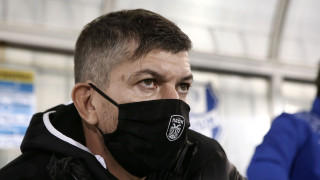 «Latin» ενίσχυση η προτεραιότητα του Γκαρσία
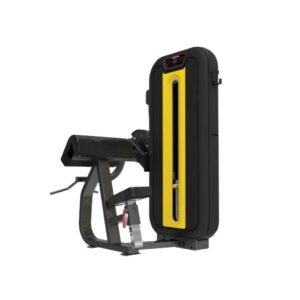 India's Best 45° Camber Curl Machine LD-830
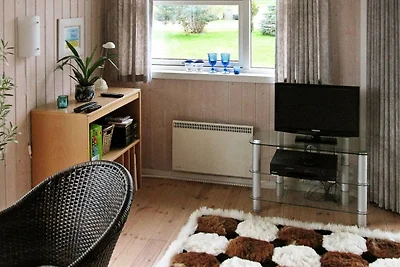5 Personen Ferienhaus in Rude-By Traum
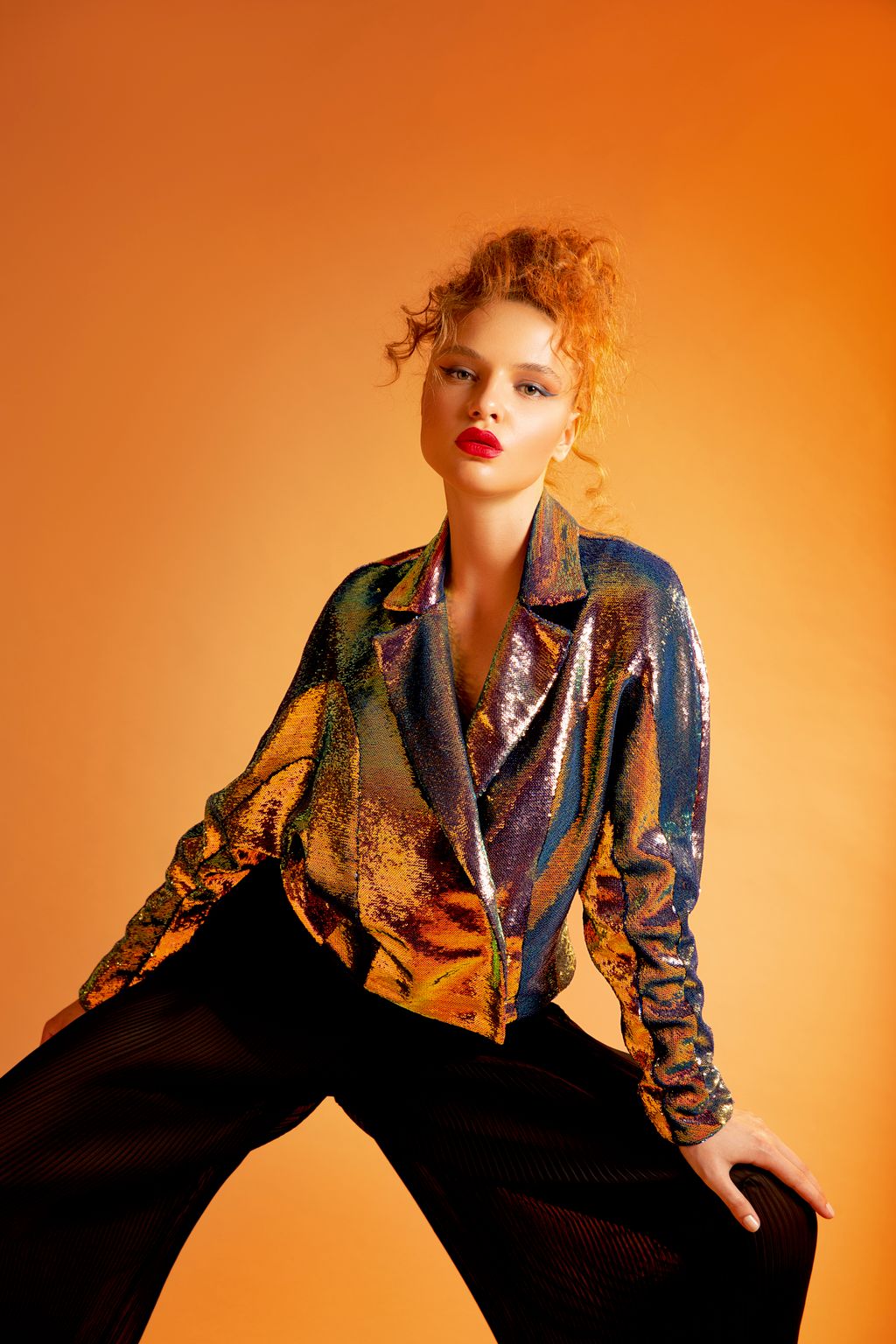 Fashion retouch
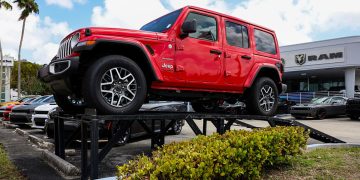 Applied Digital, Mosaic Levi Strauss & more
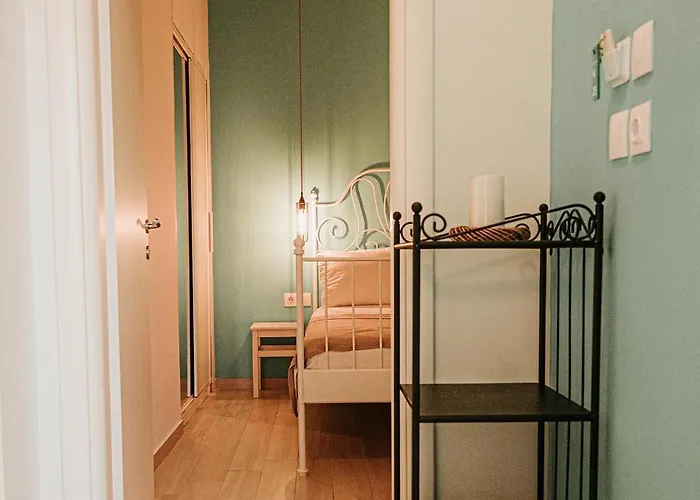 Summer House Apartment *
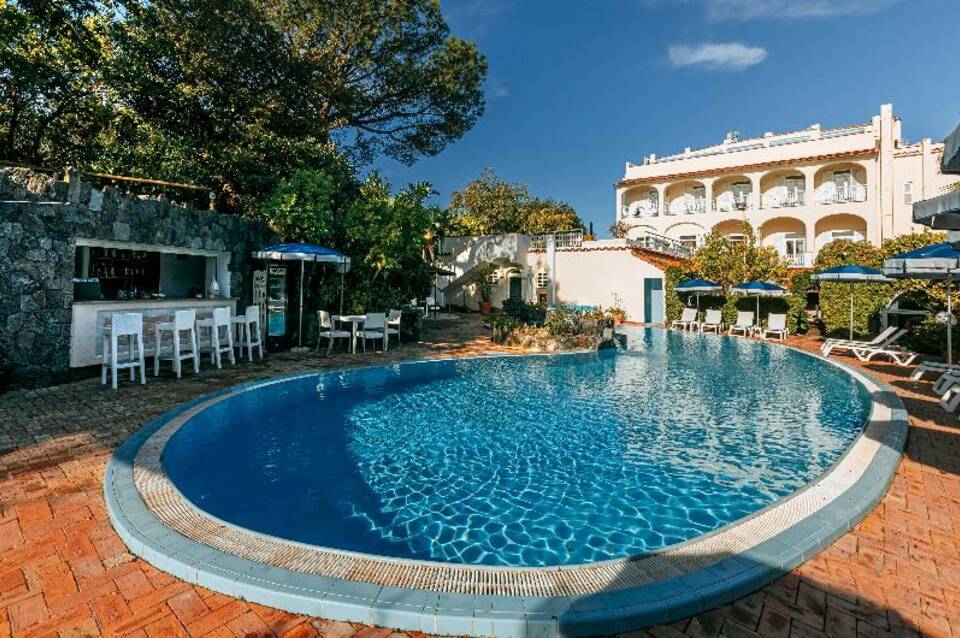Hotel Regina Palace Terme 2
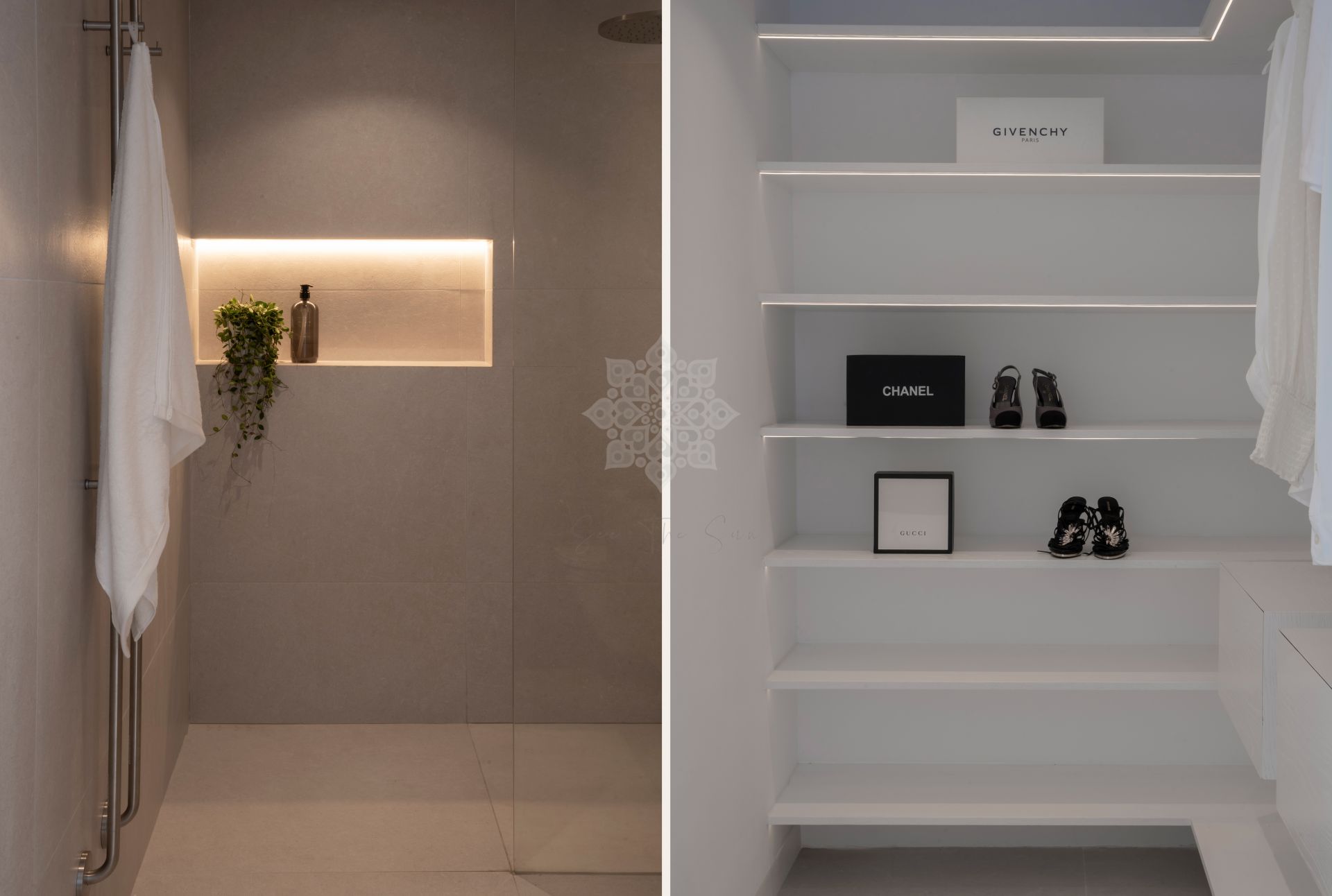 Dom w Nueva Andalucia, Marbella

> **Exercise requirements**
Your copy should match the data exactly, apart from the images, which are dropped.

> **Expected answer**
 «Latin» ενίσχυση η προτεραιότητα του Γκαρσία
 India's Best 45° Camber Curl Machine LD-830
5 Personen Ferienhaus in Rude-By Traum
 Fashion retouch
 Applied Digital, Mosaic Levi Strauss & more
 Summer House Apartment *
Hotel Regina Palace Terme 2
 Dom w Nueva Andalucia, Marbella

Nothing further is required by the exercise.